Start of MATERIAL SHOWN
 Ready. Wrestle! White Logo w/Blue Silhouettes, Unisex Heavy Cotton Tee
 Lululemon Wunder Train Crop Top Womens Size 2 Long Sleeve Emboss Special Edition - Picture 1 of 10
End of MATERIAL SHOWN
Start of MATERIAL SHOWN
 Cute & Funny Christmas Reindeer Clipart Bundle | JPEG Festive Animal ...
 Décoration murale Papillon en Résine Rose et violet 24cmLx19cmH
End of MATERIAL SHOWN
◆ WORK INSTRUCTIONS ◆
Could you restate, word for word, the lines above from the one with "Ready. Wrestle! White" to the one with "Lululemon Wunder Train", both included?

◆ ANSWER AREA ◆
 Ready. Wrestle! White Logo w/Blue Silhouettes, Unisex Heavy Cotton Tee
 Lululemon Wunder Train Crop Top Womens Size 2 Long Sleeve Emboss Special Edition - Picture 1 of 10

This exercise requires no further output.